Documentation
8. Grouping & Aggregation
Summarise rows into groups and compute aggregate statistics.
group_by + aggregate
Once you call .group_by(), the query switches into grouped mode. You must follow it with .aggregate() before calling any terminal method.
RelPyDB
from relpy import RelPy, AutoNumber, col, count, sum_, avg
result = (
db.query("orders")
.group_by("status")
.aggregate(
order_count=count(),
total=sum_("amount"),
average=avg("amount"),
)
.to_list()
)
SQL equivalent
SELECT
status,
COUNT(*) AS order_count,
SUM(amount) AS total,
AVG(amount) AS average
FROM orders
GROUP BY status;
Output
| status | order_count | total | average |
|---|---|---|---|
| paid | 2 | 200.0 | 100.0 |
| pending | 1 | 200.0 | 200.0 |
Aggregate functions
| Function | Import | SQL | Description |
|---|---|---|---|
count() | from relpy import count | COUNT(*) | Count all rows in group. |
count("col") | from relpy import count | COUNT(col) | Count non-None values in column. |
sum_("col") | from relpy import sum_ | SUM(col) | Sum of values. (Trailing underscore avoids shadowing Python's sum.) |
avg("col") | from relpy import avg | AVG(col) | Mean of values. |
min_("col") | from relpy import min_ | MIN(col) | Smallest value. |
max_("col") | from relpy import max_ | MAX(col) | Largest value. |
Multi-column group_by
RelPyDB
result = (
db.query("orders")
.join("users")
.group_by("users.city", "orders.status")
.aggregate(
orders=count(),
revenue=sum_("orders.amount"),
)
.order_by("revenue", descending=True)
.to_list()
)
SQL equivalent
SELECT
users.city,
orders.status,
COUNT(*) AS orders,
SUM(orders.amount) AS revenue
FROM orders
JOIN users
ON orders.user_id = users.id
GROUP BY users.city, orders.status
ORDER BY revenue DESC;
Output (example)
| users.city | orders.status | orders | revenue |
|---|---|---|---|
| Haifa | pending | 1 | 200.0 |
| Tel Aviv | paid | 2 | 200.0 |
having — filter groups
having() filters the grouped result, like WHERE but applied after aggregation.
RelPyDB
result = (
db.query("orders")
.group_by("status")
.aggregate(
order_count=count(),
total=sum_("amount"),
)
.having(col("total") > 150)
.to_list()
)
SQL equivalent
SELECT
status,
COUNT(*) AS order_count,
SUM(amount) AS total
FROM orders
GROUP BY status
HAVING SUM(amount) > 150;
Output — only groups with total > 150
| status | order_count | total |
|---|---|---|
| paid | 2 | 200.0 |
| pending | 1 | 200.0 |
Real benchmark result — confirmed registrations by game system
This query was run in the RelPyDB benchmark against 10 000 registration records across 120 sessions.

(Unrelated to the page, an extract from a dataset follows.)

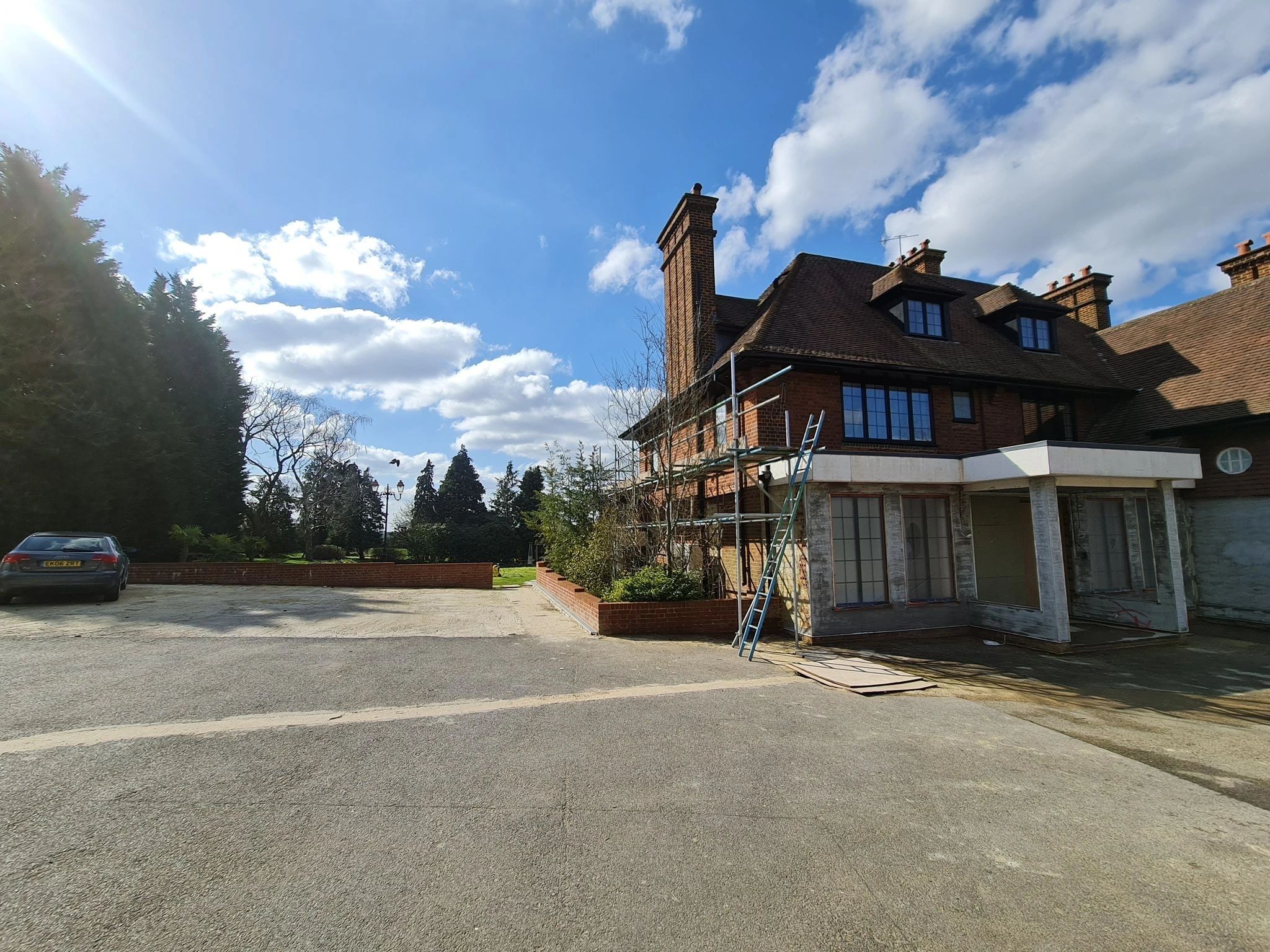 Greenford new build 1a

The same query ran in DuckDB, SQLAlchemy, pandas, NumPy, and Python loops — all returned identical results.
result = (
db.query("registrations")
.join("sessions")
.where(
(col("registrations.status") == "confirmed") &
(col("registrations.checked_in") == True)
)
.group_by("sessions.game_system")
.aggregate(
checked_in_players=count(),
ticket_revenue=sum_("registrations.price"),
average_ticket=avg("registrations.price"),
)
.order_by("checked_in_players", descending=True)
.to_list()
)
Output — top 5 game systems
| game_system | checked_in_players | ticket_revenue | average_ticket |
|---|---|---|---|
| Mork Borg | 1 079 | 54 035.0 | 50.08 |
| Call of Cthulhu | 923 | 45 020.0 | 48.78 |
| D&D 5e | 854 | 41 905.0 | 49.07 |
| Blades in the Dark | 693 | 33 895.0 | 48.91 |
| Pathfinder | 597 | 29 590.0 | 49.56 |